Do ponto de vista constitucional, Angola é um estado-nação; do ponto de vista social, pode ser entendida como um ambiente multicultural de um estado multinacional cuja sociedade foi constituída a partir da incorporação, forçada, de nações autónomas com culturas territorialmente delimitadas, e caracterizado pela diversidade cultural resultante de movimentos migratórios (3). A incorporação forçada aconteceu durante a dominação colonial, pela criação da colónia a partir de diversos reinos existentes na região, progressivamente anexados por conquista, resultando no que hoje é a República de Angola com as fronteiras negociadas na Conferência de Berlim (4). Os movimentos migratórios reportam a épocas distintas, dos fluxos durante a colonização que originaram processos de mestiçagem, racial e cultural, à imigração de indivíduos, famílias e grupos para e de países vizinhos, antes e após a independência, bem como às movimentações de indivíduos, famílias e grupos durante a guerra civil em busca de segurança e de oportunidades, de ser, estar e fazer. Qualquer destes movimentos provocou processos de assimilação, aculturação e discriminação, com consequências na formação das identidades individuais e colectivas de hoje. Acima de tudo, esses processos estiveram (e continuam…) na origem de tensões e conflitos de diversa natureza e intensidade, que constituem o esteio da vivência diária de gerações de angolanos. 
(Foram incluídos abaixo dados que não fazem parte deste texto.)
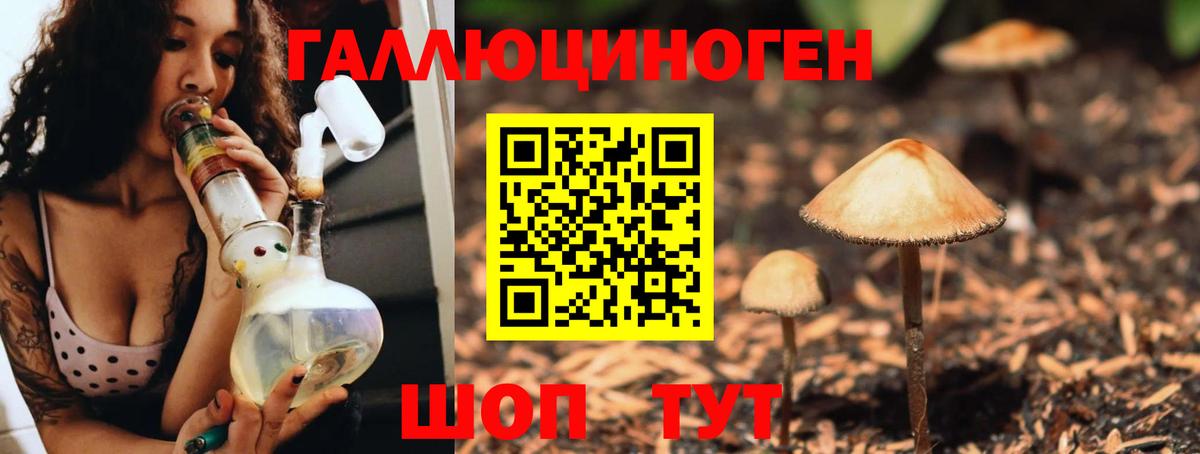 Галлюциногенные грибы Psilocybe  Вход с VPN  Амурск 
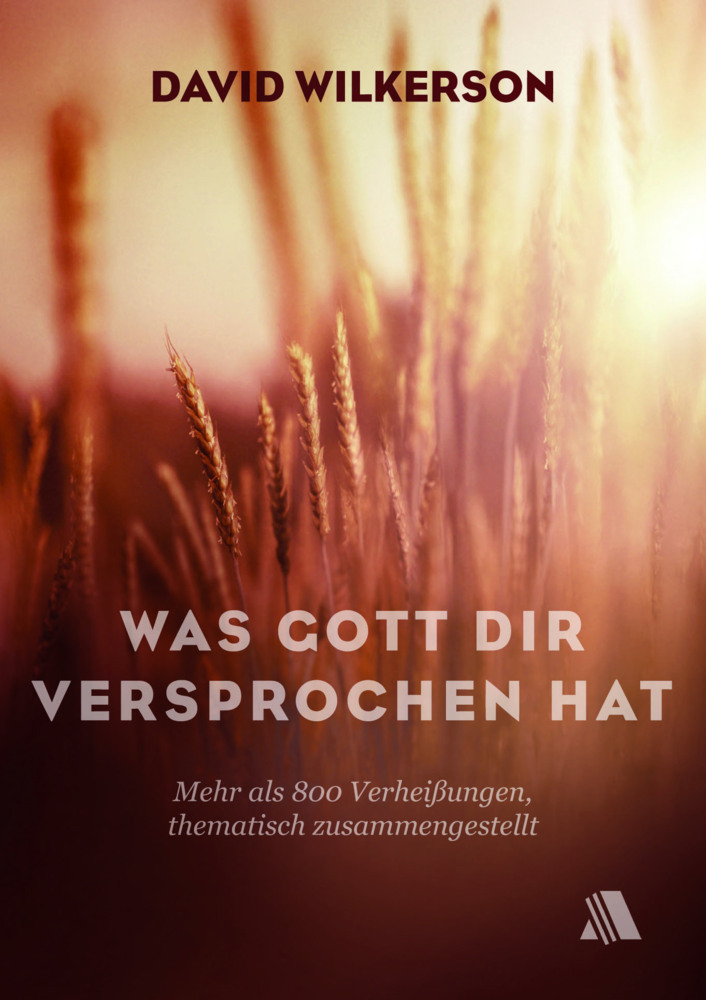 Cover: 9783940188885 | Was Gott dir versprochen hat | David Wilkerson | Taschenbuch | 2014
Embora seja uma sociedade multicultural, Angola não é uma sociedade pluralista devido ao não reconhecimento, ‘de facto’ da diversidade cultural que nos caracteriza, apesar da sua manifestação diária em todas as vertentes da vida do país. Não se concretizou a promessa da organização política do espaço herdado do colonialismo, através da integração das distintas nações, com base no reconhecimento das suas diferenças: uni-las através do traço comum das suas histórias, da vivência da experiência colonial e da luta contra essa dominação. Nesse legado histórico comum parecia residir a possibilidade de construção de uma identidade cultural pluralista, capaz de fornecer os quadros de referência do projecto-nação, assente no reconhecimento e respeito pela diversidade e pela diferença. 

2. O que significa “Paz”? A ausência de guerra?

Quem, como eu, questiona a designação de “Paz definitiva” como sendo o resultado da assinatura do Acordo de Luena que pôs fim a décadas de guerra civil, não está a menosprezar nem a pôr em causa o valor, para a sociedade angolana, do fim da guerra, particularmente uma guerra pelo poder, que vinha de antes da independência e que resultou da falta de capacidade e de interesse dos “libertadores” em colocarem, irrestrita e declaradamente “Angola” e o interesse maior de construção da nação, nas pautas das tantas negociações falhadas. Não era preciso aguardar para ver se a implementação iria de encontro ao plasmado nas declarações finais das ditas ‘negociações’, traduzidas numa linguagem intencional de nacionalismo. Bastava olhar, e ver, os rostos tensos dos intervenientes, quantas vezes sem olhar uns para os outros nem quando do aperto de mãos! 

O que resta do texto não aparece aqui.